● **WHAT NEEDS TO BE DONE**
Among the records below, how many lines contain "Piece"? State the number and nothing more.

(LISTED ENTRIES)

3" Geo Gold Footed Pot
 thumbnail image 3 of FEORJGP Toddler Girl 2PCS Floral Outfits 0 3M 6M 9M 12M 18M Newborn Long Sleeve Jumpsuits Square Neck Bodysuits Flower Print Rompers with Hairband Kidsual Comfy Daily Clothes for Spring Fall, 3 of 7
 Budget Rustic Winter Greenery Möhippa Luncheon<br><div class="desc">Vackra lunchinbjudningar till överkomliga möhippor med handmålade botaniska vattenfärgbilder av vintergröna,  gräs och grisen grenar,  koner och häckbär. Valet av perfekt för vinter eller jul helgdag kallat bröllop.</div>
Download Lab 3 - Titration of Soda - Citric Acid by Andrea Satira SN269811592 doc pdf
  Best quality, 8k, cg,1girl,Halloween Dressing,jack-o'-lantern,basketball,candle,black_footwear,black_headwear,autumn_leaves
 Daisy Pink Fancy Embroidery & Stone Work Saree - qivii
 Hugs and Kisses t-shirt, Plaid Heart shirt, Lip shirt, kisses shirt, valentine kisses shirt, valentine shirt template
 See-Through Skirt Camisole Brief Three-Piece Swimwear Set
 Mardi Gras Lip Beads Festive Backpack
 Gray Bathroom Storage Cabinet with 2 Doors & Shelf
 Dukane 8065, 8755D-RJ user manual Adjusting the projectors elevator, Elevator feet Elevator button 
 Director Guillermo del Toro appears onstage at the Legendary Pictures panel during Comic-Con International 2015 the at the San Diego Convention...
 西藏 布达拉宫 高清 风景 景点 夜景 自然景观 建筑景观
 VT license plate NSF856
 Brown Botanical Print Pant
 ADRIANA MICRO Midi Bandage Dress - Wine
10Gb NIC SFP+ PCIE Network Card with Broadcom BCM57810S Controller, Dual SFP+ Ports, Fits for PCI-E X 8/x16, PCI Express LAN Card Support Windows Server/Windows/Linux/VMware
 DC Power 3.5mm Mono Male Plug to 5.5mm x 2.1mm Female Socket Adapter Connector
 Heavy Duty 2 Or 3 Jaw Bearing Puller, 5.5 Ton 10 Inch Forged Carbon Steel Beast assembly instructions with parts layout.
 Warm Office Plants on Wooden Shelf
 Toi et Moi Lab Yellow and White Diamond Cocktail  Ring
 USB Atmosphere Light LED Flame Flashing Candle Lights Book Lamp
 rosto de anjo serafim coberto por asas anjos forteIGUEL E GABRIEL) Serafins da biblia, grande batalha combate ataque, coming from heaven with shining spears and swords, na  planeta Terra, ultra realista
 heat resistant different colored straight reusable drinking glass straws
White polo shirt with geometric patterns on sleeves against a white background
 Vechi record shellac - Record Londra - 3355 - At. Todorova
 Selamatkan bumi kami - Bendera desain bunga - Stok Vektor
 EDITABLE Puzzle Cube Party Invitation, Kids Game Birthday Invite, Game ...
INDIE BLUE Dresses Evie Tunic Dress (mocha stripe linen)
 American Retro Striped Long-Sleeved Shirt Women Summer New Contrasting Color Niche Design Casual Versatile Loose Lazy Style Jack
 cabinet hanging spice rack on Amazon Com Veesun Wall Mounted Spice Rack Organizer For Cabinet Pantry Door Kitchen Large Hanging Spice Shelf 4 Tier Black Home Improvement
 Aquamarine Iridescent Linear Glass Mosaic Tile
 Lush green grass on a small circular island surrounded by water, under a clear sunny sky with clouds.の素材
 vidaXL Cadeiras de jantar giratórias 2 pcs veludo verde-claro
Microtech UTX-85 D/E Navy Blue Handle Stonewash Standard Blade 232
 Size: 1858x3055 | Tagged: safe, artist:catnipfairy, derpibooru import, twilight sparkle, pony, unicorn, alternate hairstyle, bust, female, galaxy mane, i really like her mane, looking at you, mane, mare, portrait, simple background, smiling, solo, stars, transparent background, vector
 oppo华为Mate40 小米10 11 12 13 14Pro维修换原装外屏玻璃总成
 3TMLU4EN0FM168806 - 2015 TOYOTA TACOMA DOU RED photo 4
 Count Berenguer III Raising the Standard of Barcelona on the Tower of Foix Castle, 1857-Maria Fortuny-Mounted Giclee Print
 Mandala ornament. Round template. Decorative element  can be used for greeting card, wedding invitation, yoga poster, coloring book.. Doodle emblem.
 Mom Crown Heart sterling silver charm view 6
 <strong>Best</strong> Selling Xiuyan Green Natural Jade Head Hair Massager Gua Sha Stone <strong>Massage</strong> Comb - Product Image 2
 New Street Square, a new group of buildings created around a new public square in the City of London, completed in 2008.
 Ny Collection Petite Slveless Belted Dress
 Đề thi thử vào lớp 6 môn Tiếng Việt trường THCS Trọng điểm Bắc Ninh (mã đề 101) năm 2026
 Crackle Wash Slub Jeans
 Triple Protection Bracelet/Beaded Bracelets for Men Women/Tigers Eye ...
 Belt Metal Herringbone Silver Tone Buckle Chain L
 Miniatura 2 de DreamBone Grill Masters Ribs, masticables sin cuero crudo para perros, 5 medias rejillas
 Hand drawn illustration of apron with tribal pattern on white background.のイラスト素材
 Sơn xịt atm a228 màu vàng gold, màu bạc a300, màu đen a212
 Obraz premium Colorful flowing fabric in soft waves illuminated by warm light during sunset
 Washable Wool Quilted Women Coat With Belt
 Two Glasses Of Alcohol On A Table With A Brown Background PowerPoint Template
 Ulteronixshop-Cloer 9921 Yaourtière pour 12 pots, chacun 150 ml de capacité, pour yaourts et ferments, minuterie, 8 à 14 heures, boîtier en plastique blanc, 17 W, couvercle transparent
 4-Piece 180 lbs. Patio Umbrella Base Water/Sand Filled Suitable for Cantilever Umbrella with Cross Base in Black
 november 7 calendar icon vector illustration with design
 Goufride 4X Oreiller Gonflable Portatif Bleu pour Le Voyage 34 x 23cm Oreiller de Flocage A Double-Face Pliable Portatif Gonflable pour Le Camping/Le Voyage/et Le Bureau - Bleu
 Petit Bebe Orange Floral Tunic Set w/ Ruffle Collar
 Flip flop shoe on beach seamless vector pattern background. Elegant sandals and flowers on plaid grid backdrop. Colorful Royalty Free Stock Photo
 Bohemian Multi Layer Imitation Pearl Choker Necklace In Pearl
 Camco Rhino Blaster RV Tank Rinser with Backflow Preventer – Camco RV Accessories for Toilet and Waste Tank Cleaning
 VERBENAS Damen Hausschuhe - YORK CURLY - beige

(End LISTED ENTRIES)

● **EXERCISE OUTPUT**
2